Politique culturelle

Le CNC lance un nouveau programme de restauration

Le CNC lance un nouveau programme de restauration

12 février 2020 | PAR Zoé David Rigot

Le Centre National du Cinéma et de l’image animée, qui soutient les projets audiovisuels en finançant « les créateurs d’aujourd’hui et de demain » continue sa mission de restauration du patrimoine cinématographique en se dirigeant vers le mécénat, une nouvelle source nécessaire de financement.

En 2012, le CNC, qui a entre autres pour mission la transmission, la diffusion et la préservation de la mémoire du cinéma, avait déjà lancé un vaste plan de restauration et de numérisation du patrimoine cinématographique, parvenant à restaurés 1200 films, tous désormais numérisés et donc conservés pour les générations à venir. Le coût de cette entreprise s’est élevé à 68 millions d’euros, c’était donc un bon début !

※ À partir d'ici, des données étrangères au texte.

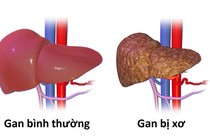 Chuyên gia chỉ điểm 5 kiểu người dễ ung thư gan, bạn có trong số đó?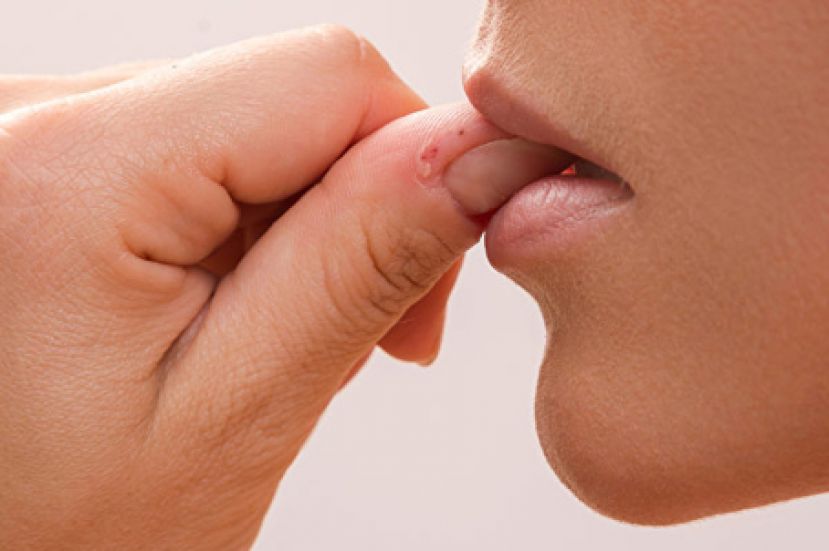 为什么总是咬指甲？三大原因看你是哪种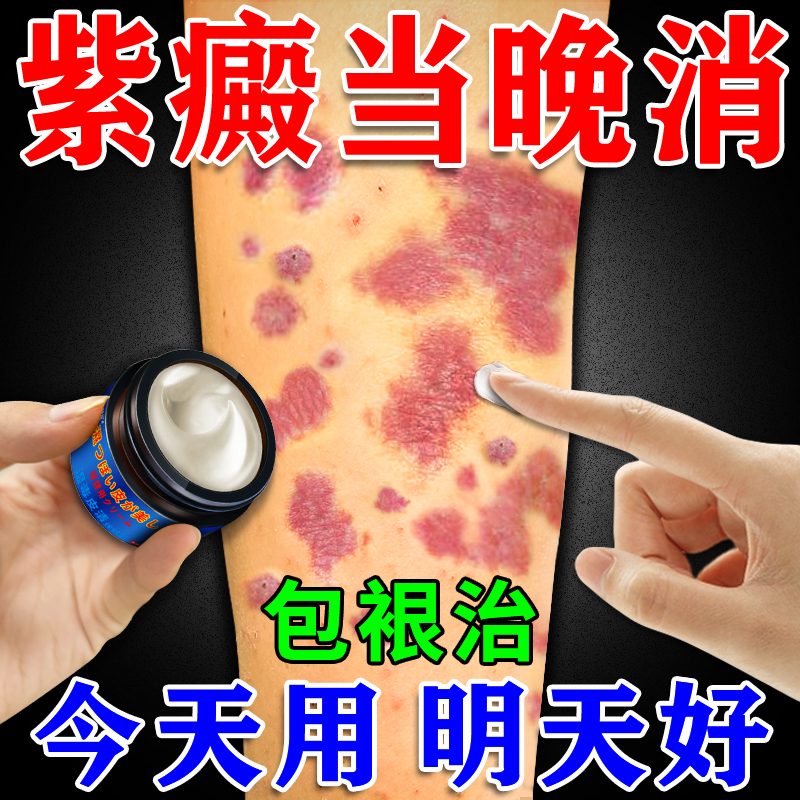 アレルギー性紫斑、皮下出血、赤斑、斑状出血、手足の血管炎などの治療に用いられる紫斑用特殊絆創膏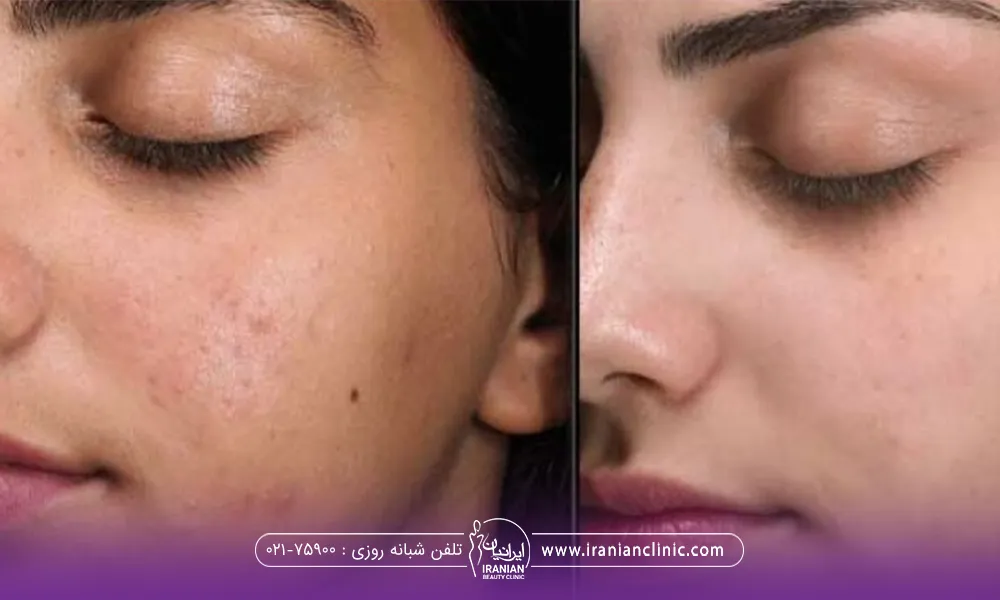 عکس قبل و بعد فردی که فیشیال انجام داده است
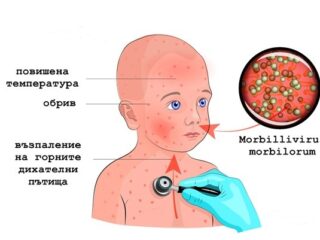 морбили1-320x240.jpg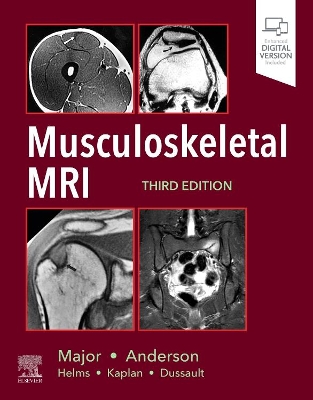 Musculoskeletal MRI book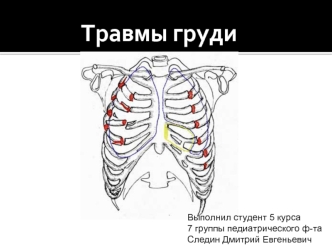 Травмы груди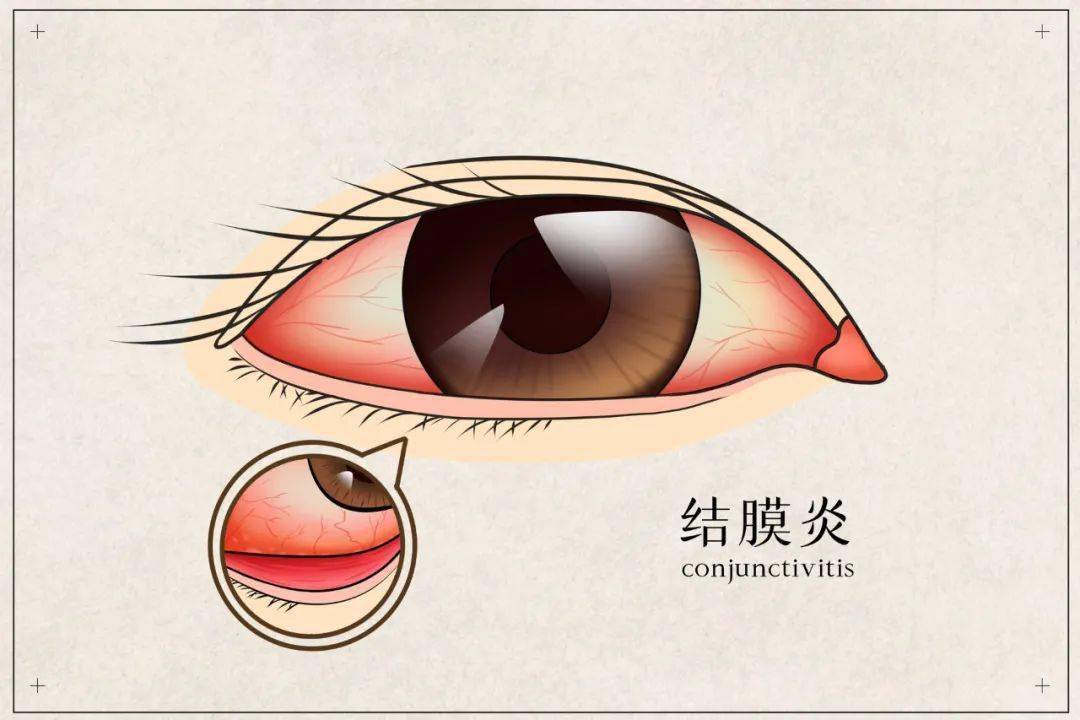 眼睛老是流眼泪是怎么回事？深度解析泪腺分泌异常的常见原因及应对策略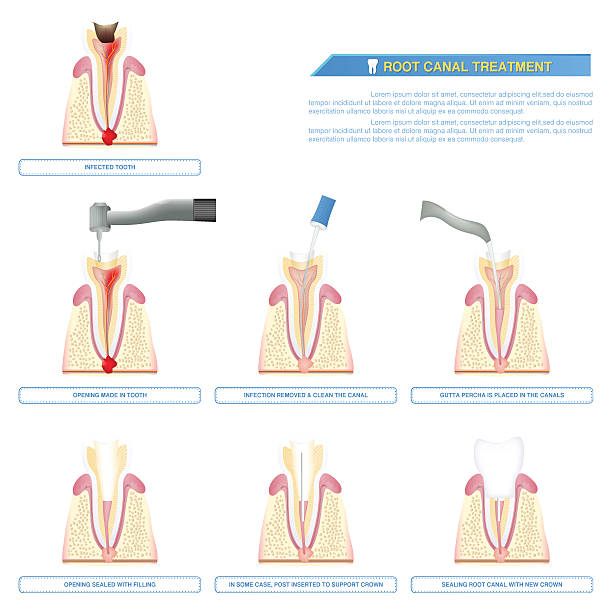 ilustrações, clipart, desenhos animados e ícones de tratamento do canal radicular infográfico, estágios da terapia do canal radicular - tatar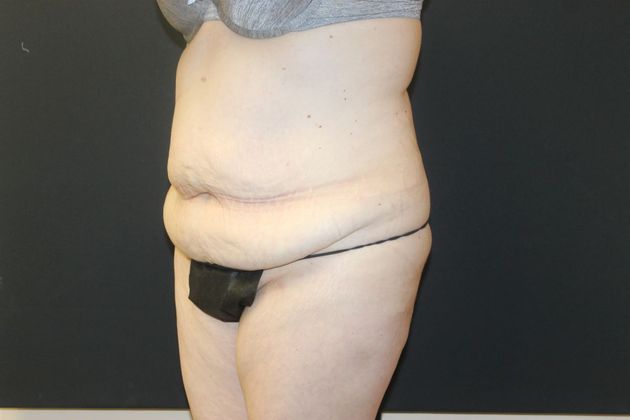 Abdominoplasty Case 16 - Before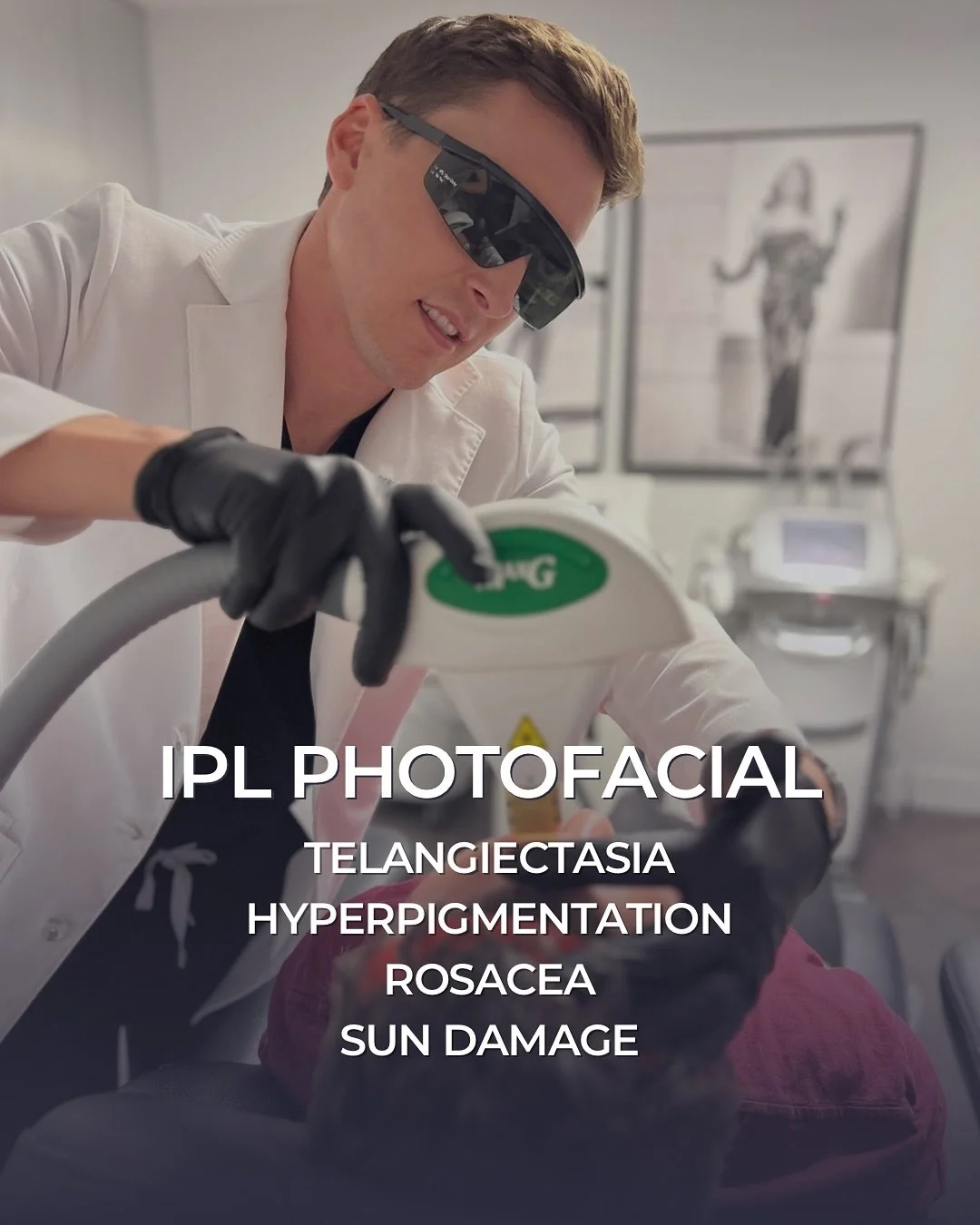 IPL is a fantastic treatment for treating redness, rosacea, broken capillaries and sun damage. 
The treatment almost always requires a series of sessions to gradually target a specific issue.
#ipl #rosacea #telangiectasias #sundamage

Seulement, tous les trésors cinématographiques qui font l’Histoire n’ont pas pu être rafraîchis. Sur un fond de 9500 longs métrages et 4000 courts métrages, le CNC a réalisé avec l’aide d’experts une listes de 1836 films de 480 réalisateurs, œuvres phares dont le tour est venu d’être restaurés. Il s’agit d’œuvres phares qui ont marqué leur époque ou qui ont été oubliées « faute de visibilité », comme l’indique le Centre National du Cinéma. Ces films nous viennent du temps de la naissance du cinéma jusqu’à la fin du XIXème siècle – comme les films des Frères Lumière sur support nitrate -, puis le panel s’élargit jusqu’à la fin du XXème siècle. Ces œuvres cinématographiques dont la date de sortie en salle est antérieure à dix ans représentent des repères culturels importants et indispensables dans l’histoire du cinéma. Ce patrimoine ne peut en aucun cas disparaître !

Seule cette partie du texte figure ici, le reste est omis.